Secondly, let us understand the portrayal. “Fellowship” is portrayed in various Bible descriptions. Fellowship is all about being “fellowcitizens.” “Now therefore ye are no more strangers and foreigners, but fellowcitizens with the saints, and of the household of God” (Ephesians 2:19). Fellowcitizens portrays the idea of belonging together. Fellowship is all about being “fellow soldiers.” “And to our beloved Apphia and Archippus our fellow soldier…” (Philemon 2). Fellow soldiers portrays the idea of battling together. Fellowship is all about being “fellow helpers” (3 John 8). Fellow helpers portrays the idea of benefiting together. Fellowship is all about being “fellow workers.” Paul reminded the church in Colosse of this important fact (Colossians 4:11). Fellow workers portrays the idea of being busy together. Fellowship is also all about being “fellow heirs” (Ephesians 3:6; Romans 8:17). Fellow heirs certainly portrays the idea of being blessed together eternally. Christians, who are in fellowship with God and each other, have an inheritance awaiting them! Each portrayal of fellowship shows that we are in this life together to accomplish a common goal.
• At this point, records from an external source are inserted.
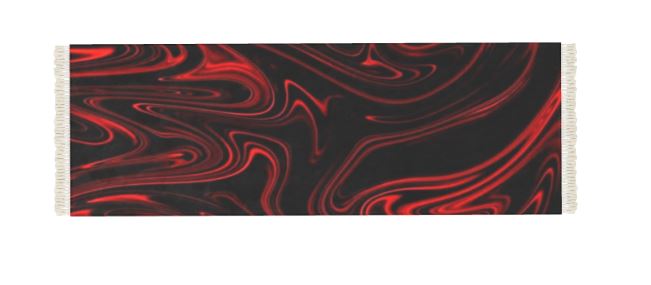 Flow (01-01): Ember, The Refining Fire | Marbled Velvet Area Rug | Luxury Red & Black Liquid Art Decor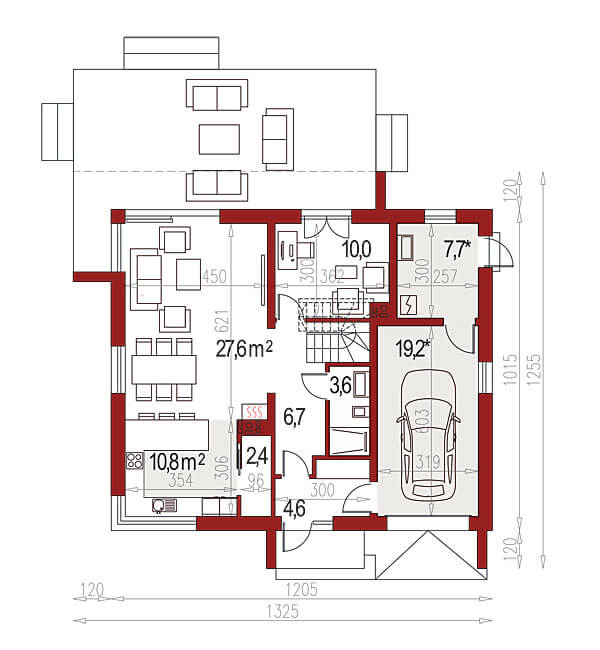 Projekt domu z poddaszem Ewa Lux Modern rzut parteru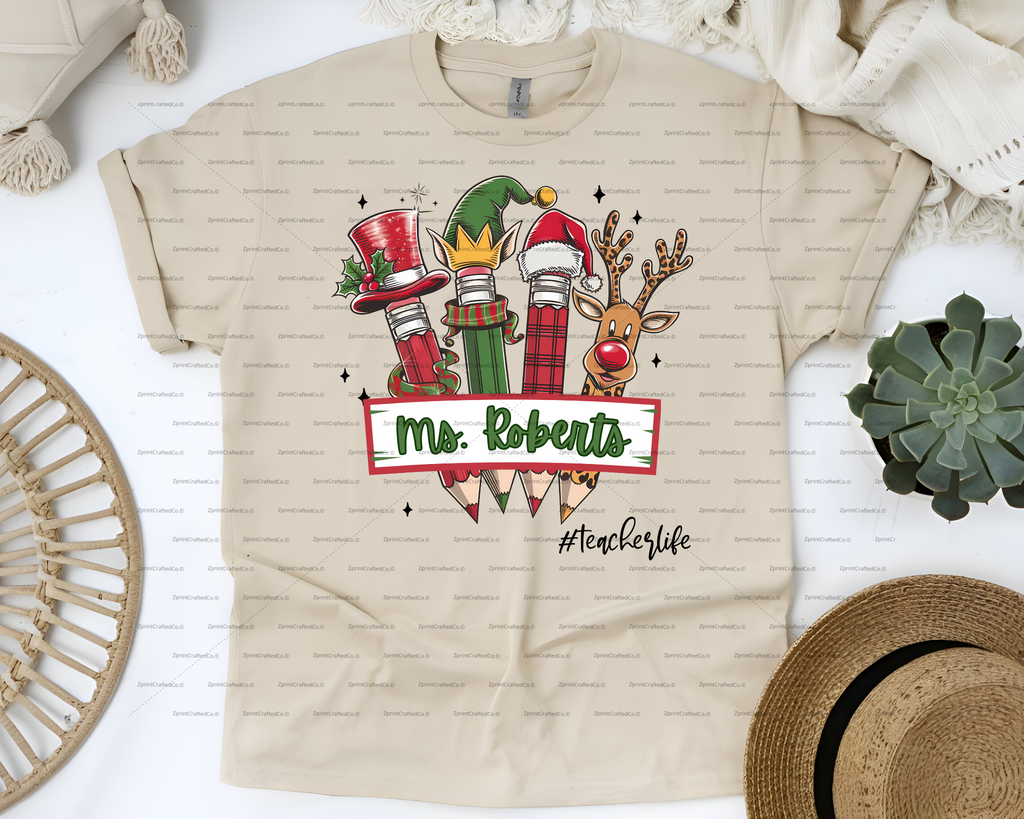 Christmas Pencil Custom Teacher Sweatshirt,  Christmas Teacher Life Shirt, Teacher Apparel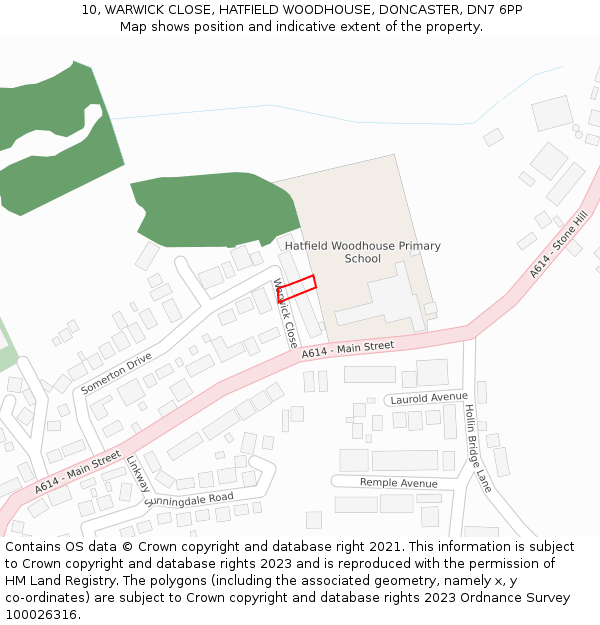 10, WARWICK CLOSE, HATFIELD WOODHOUSE, DONCASTER, DN7 6PP: Location map and indicative extent of plot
Lastly, let us see the power. True biblical fellowship empowers and encourages our faith. We were not created to be alone – to be islands. The power of fellowship is seen in faithfulness. When we are joined together the way God intended, we help each other to remain faithful. A lion is much more effective in taking down a lone antelope compared to a whole herd. Our spiritual lion (1 Peter 5:8) is much more effective at stopping a single Christian compared to one who is with the herd every day (Ecclesiastes 4:9-12). The power of fellowship is seen in forgiveness. When we are close, as the family of God should be, it is much easier to forgive one another when we sin (Ephesians 4:32). Often, grudges and hateful attitudes are held for years, simply because we do not know and love one another properly. The power of fellowship is seen in fortune. True biblical fellowship is like finding a spiritual fortune! Sadly, many Christians never find this fortune. Far too many Christians are disconnected and never really tie in with the family of God, and thus, they never really experience the fortune that is found in true biblical fellowship.

God’s plan for the New Testament church was never made up of people simply rubbing shoulders on Sunday. Fellowship in Christ is a camaraderie, companionship and closeness that is a foretaste of Heaven itself. If our fellowship here on earth is not right, we will never enjoy fellowship in eternity. May we each do our part to fulfill God’s plan for our fellowship in Christ. May we each daily live the portrayals of biblical fellowship, and may each Christian experience the power and beauty of our fellowship in Christ Jesus. Could it be said of us, “And they continuing daily…”? Think about it!